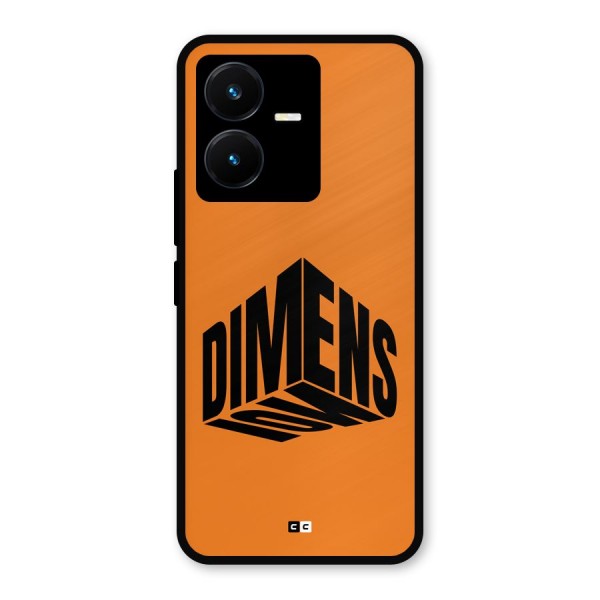 Dimension Typography Metal Back Case for Vivo Y22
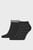 Мужские черные носки (2 пары) CK MEN SNEAKER 2P ALL OVER LOGO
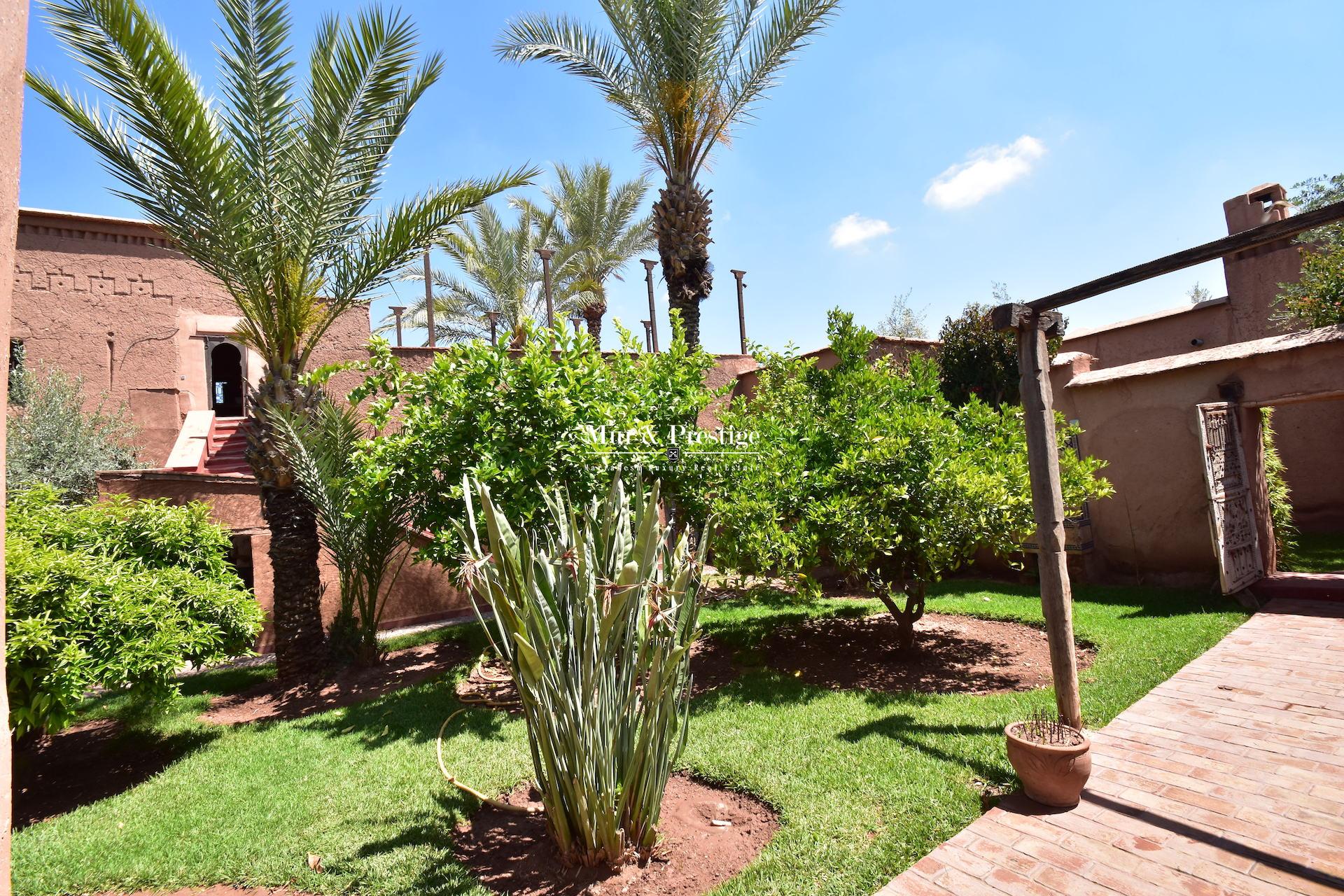 Maison d'hôtes de style ferme berbère à vendre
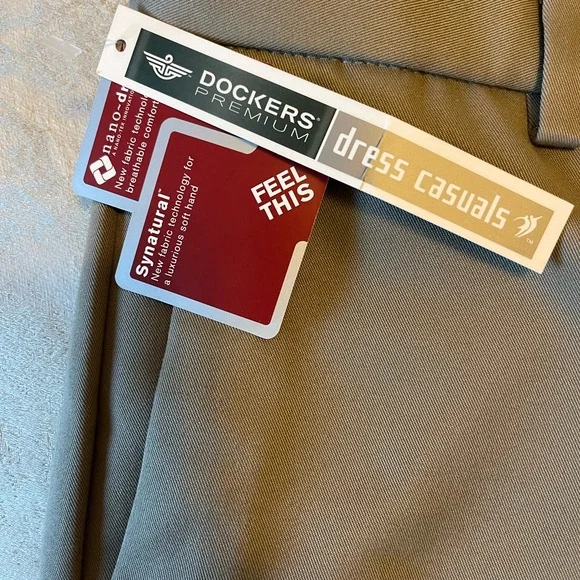 DOCKERS Mens Casual Dress Pants, sz 34/34 - Picture 4 of 4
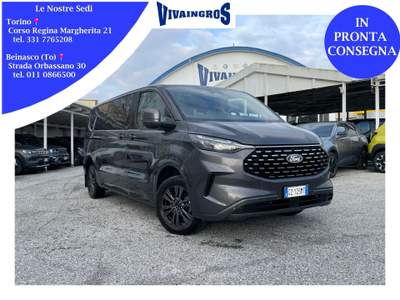 Ford Tourneo Custom 2.0 EcoBlue 150CV PL-TN 9 POSTI Titanium Grigio usata TORINO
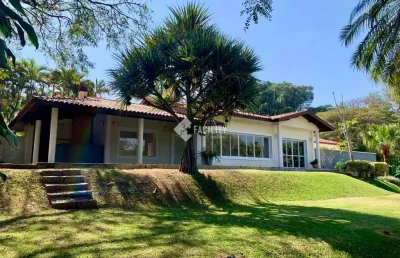 Casa em condomínio fechado com 4 quartos para alugar na alameda das tipuanas, 225, sítios de recreio gramado, campinas, 540 m2 por r$ 18.400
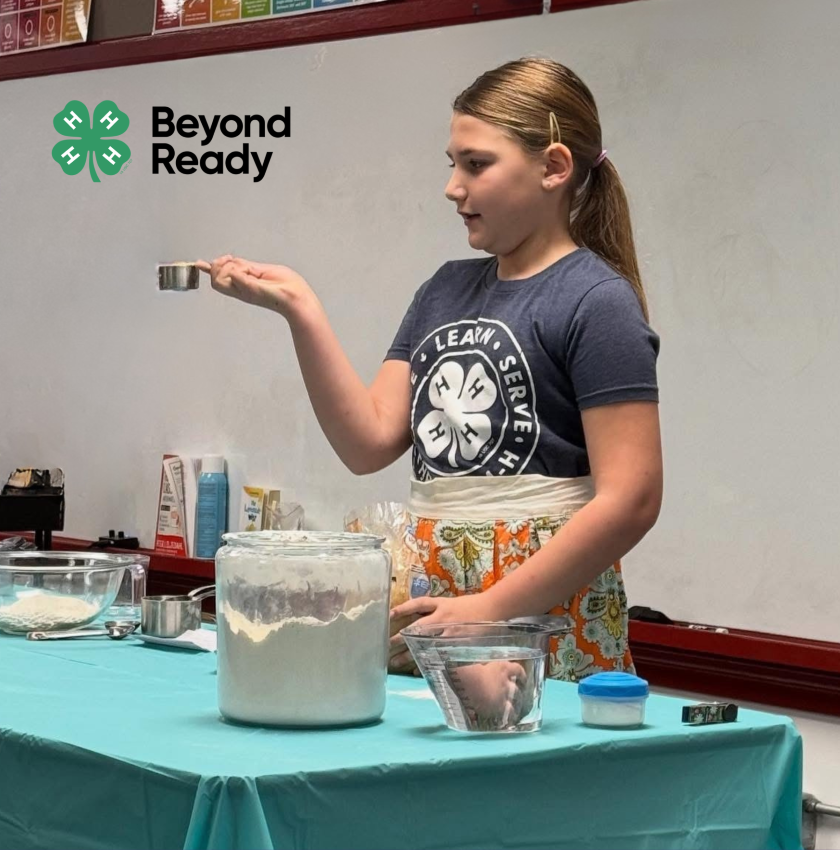 Beyond Ready youth baking demonstration
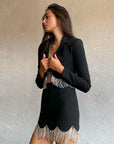 Ensemble Deux Pièces avec Décoration Jacket Et mini Jupe Look Star - Paris Deluxe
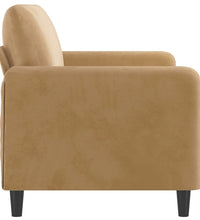 2-Sitzer-Sofa Braun 140 cm Samt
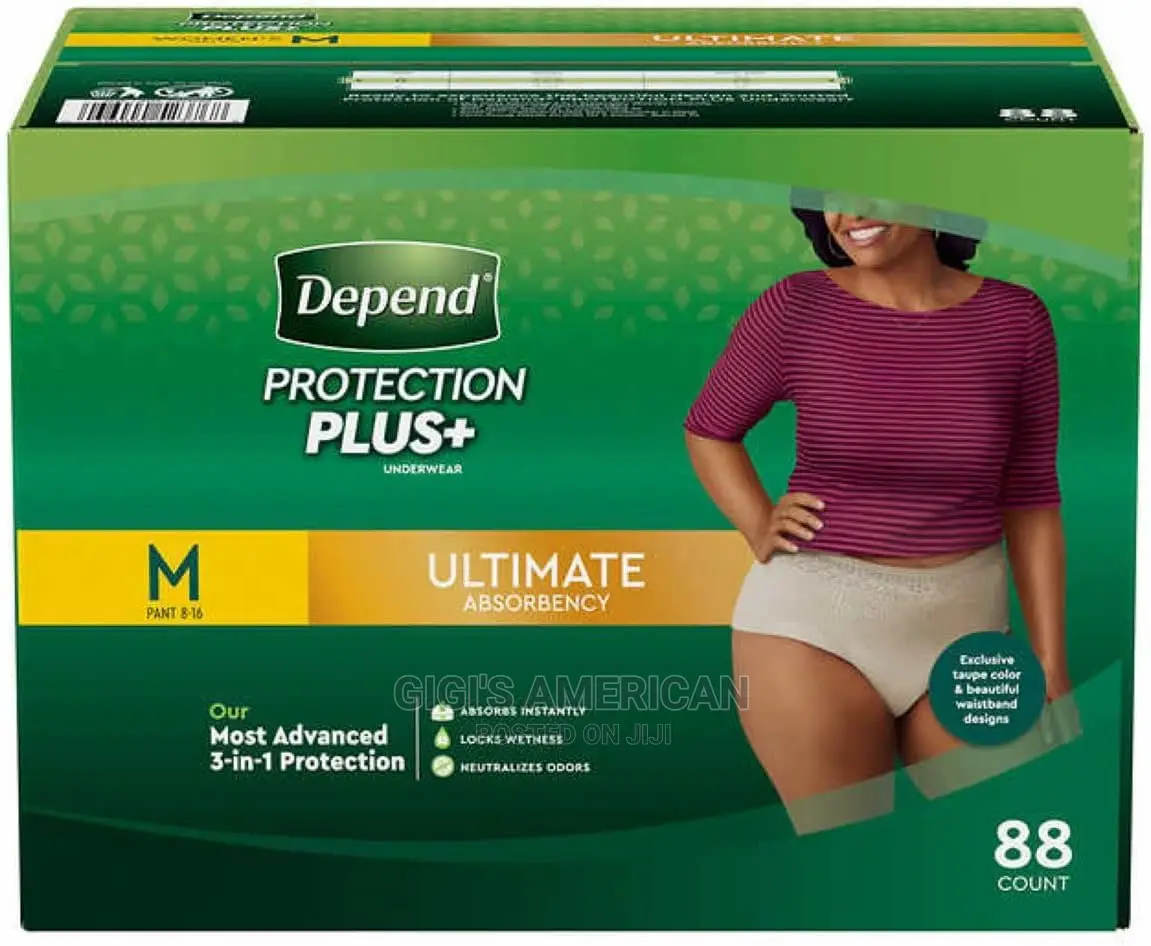 Depend Protection Plus+ Adult Diapers Pull Ups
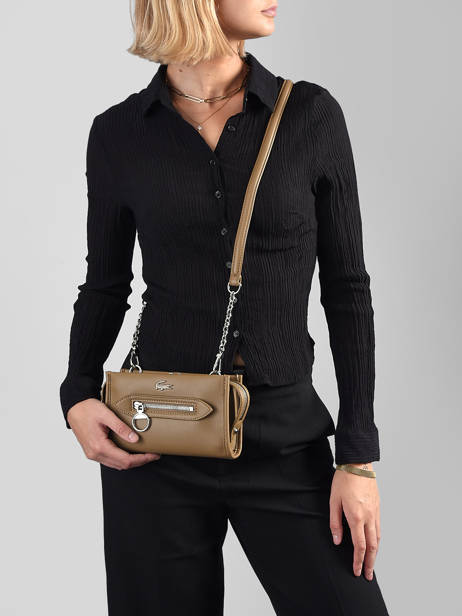 Sac Bandoulière Ceclys Lacoste Marron ceclys NF5483AQ vue secondaire 1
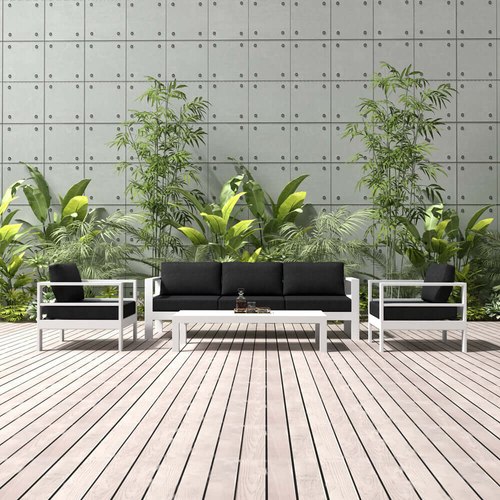 White Sandpiper 2.0 Outdoor Sofa Set - PCS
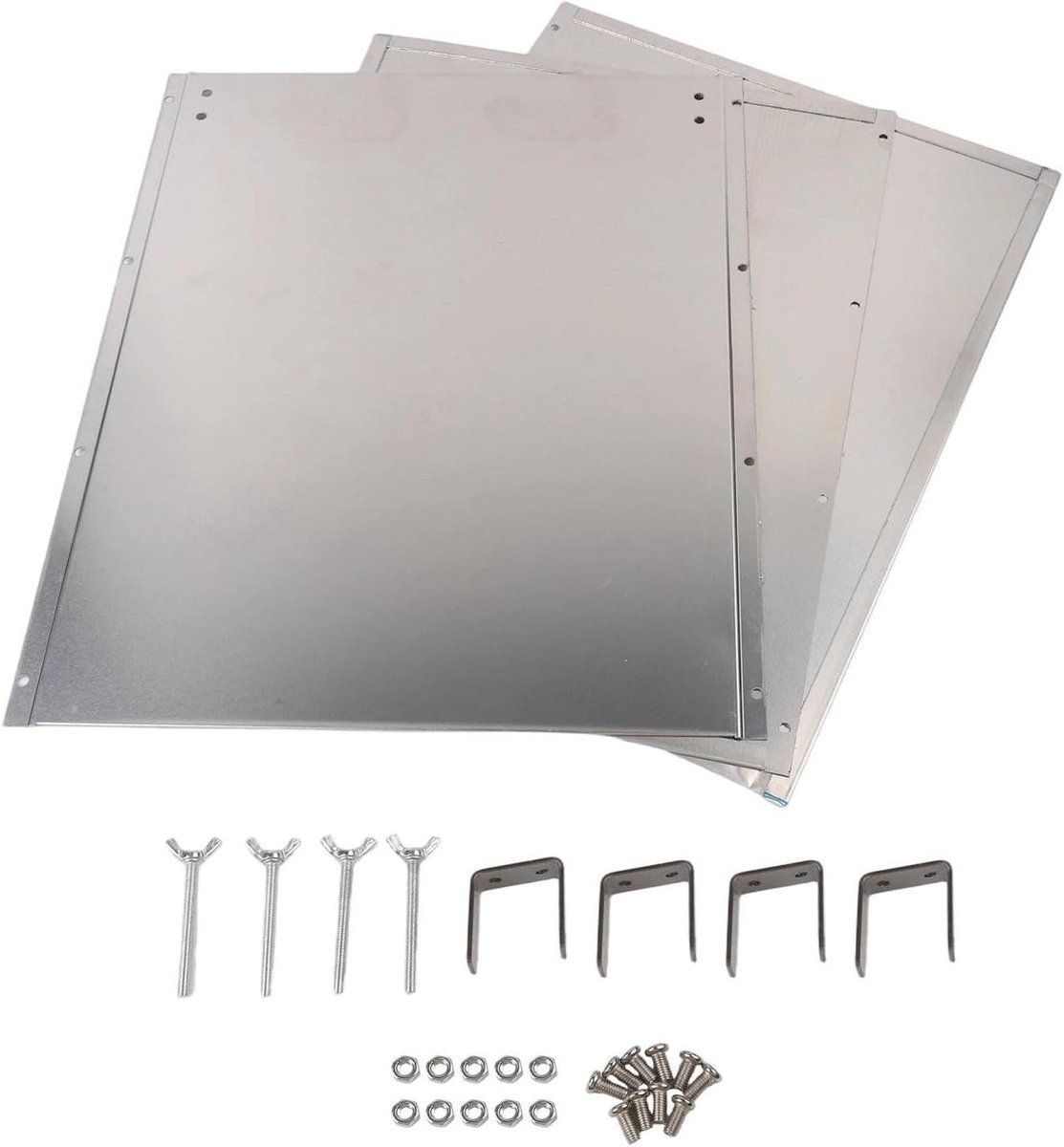 Terrasverwarmer Reflector - Warmtekap - Energie Besparen - Verstelbare Warmtefocus - 83 x 30 cm - Zilver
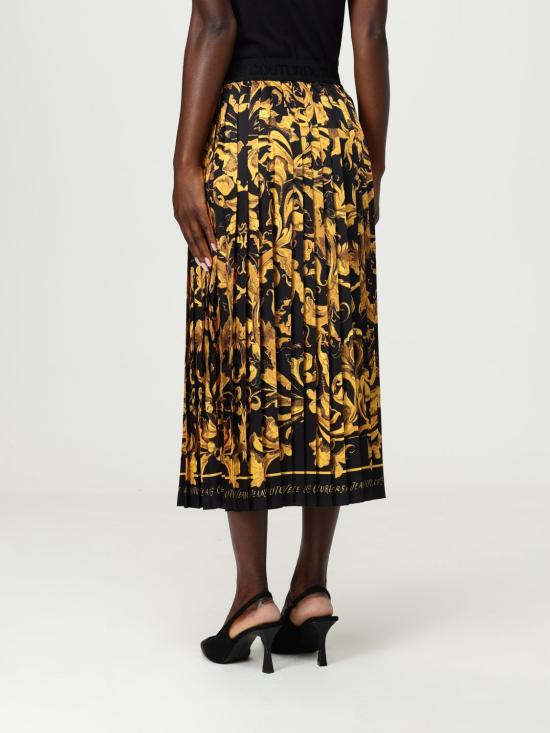 25FW 베르사체 미디 스커트 79HAE8P5NS573 G89 Black - VERSACE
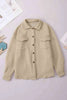 Comfortable Button-Down Collared Jacket Classic Lightweight Classic Design With Pockets by Stevvex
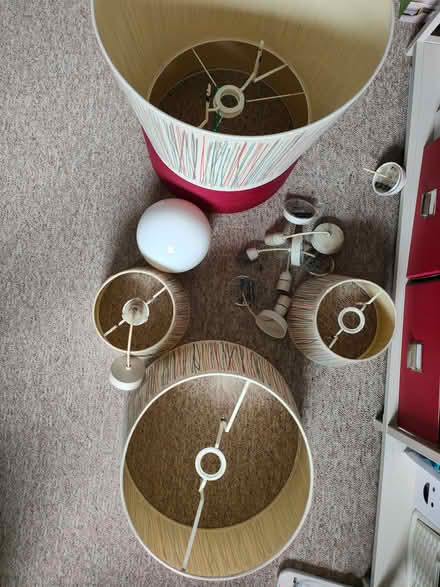 Photo of free Lampshades and light fittings (Merton SW19) #1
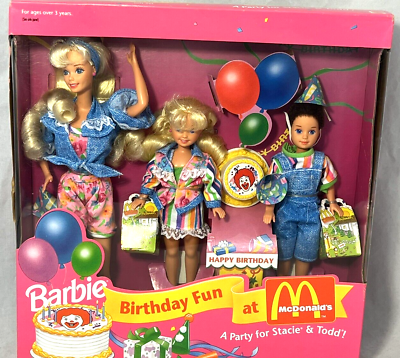 #ad Barbie Birthday Fun At McDonald#x27;s A Party For Stacie amp; Todd 1993 Mattel 11589 $49.99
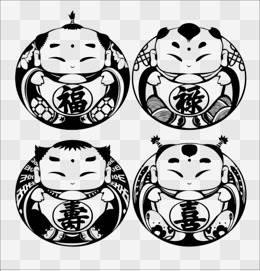 福禄寿喜财简笔画图片 福禄寿喜财简笔画图片大全可爱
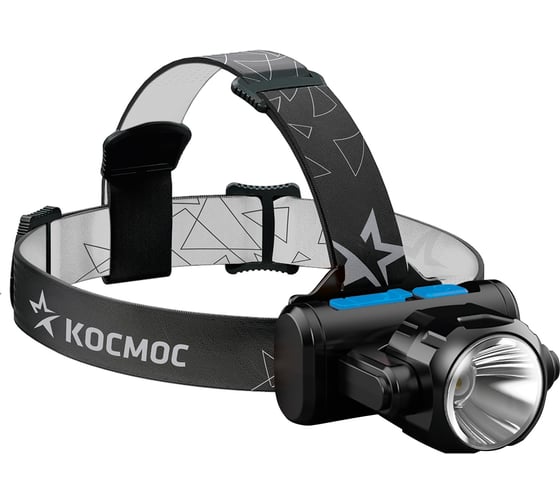 Светодиодный налобный фонарь КОСМОС 3Вт XPE, 5Вт COB, 1200Mah LI-On, зарядка Micro USB KOCH5WLi-On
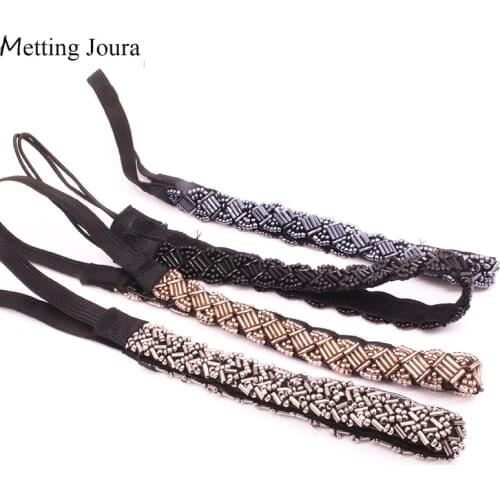 Metting Joura Vintage Bohemian Ethnic Metal Tube Beads Headband Party Hair Band Hair Accessory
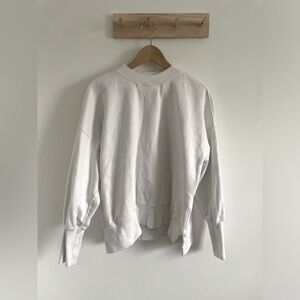 Abercrombie & Fitch Soft A&F Collection White Crew Neck Sweatshirt - size small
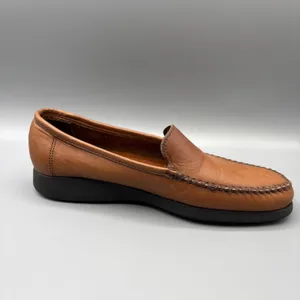 Vintage Dexter USA Shoes Womens Size 8 Brown Leather Moccasins Loafers Country thumbnail 5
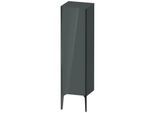 Duravit XViu Halbhochschrank XV1325LB238 40x36x133cm, schwarz matt, Tür links, dolomiti grey hochglanz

## Exercise instructions
Every line above between the one containing "DOCKERS Mens Casual" and the one containing "White Sandpiper 2.0 Outdoor Sofa Set - PCS", those two included, is to be printed exactly. No pictures go into the copy.

## The answer
 DOCKERS Mens Casual Dress Pants, sz 34/34 - Picture 4 of 4
 Ford Tourneo Custom 2.0 EcoBlue 150CV PL-TN 9 POSTI Titanium Grigio usata TORINO
 Casa em condomínio fechado com 4 quartos para alugar na alameda das tipuanas, 225, sítios de recreio gramado, campinas, 540 m2 por r$ 18.400
 Beyond Ready youth baking demonstration
 Ensemble Deux Pièces avec Décoration Jacket Et mini Jupe Look Star - Paris Deluxe
 2-Sitzer-Sofa Braun 140 cm Samt
 Depend Protection Plus+ Adult Diapers Pull Ups
 Sac Bandoulière Ceclys Lacoste Marron ceclys NF5483AQ vue secondaire 1
 White Sandpiper 2.0 Outdoor Sofa Set - PCS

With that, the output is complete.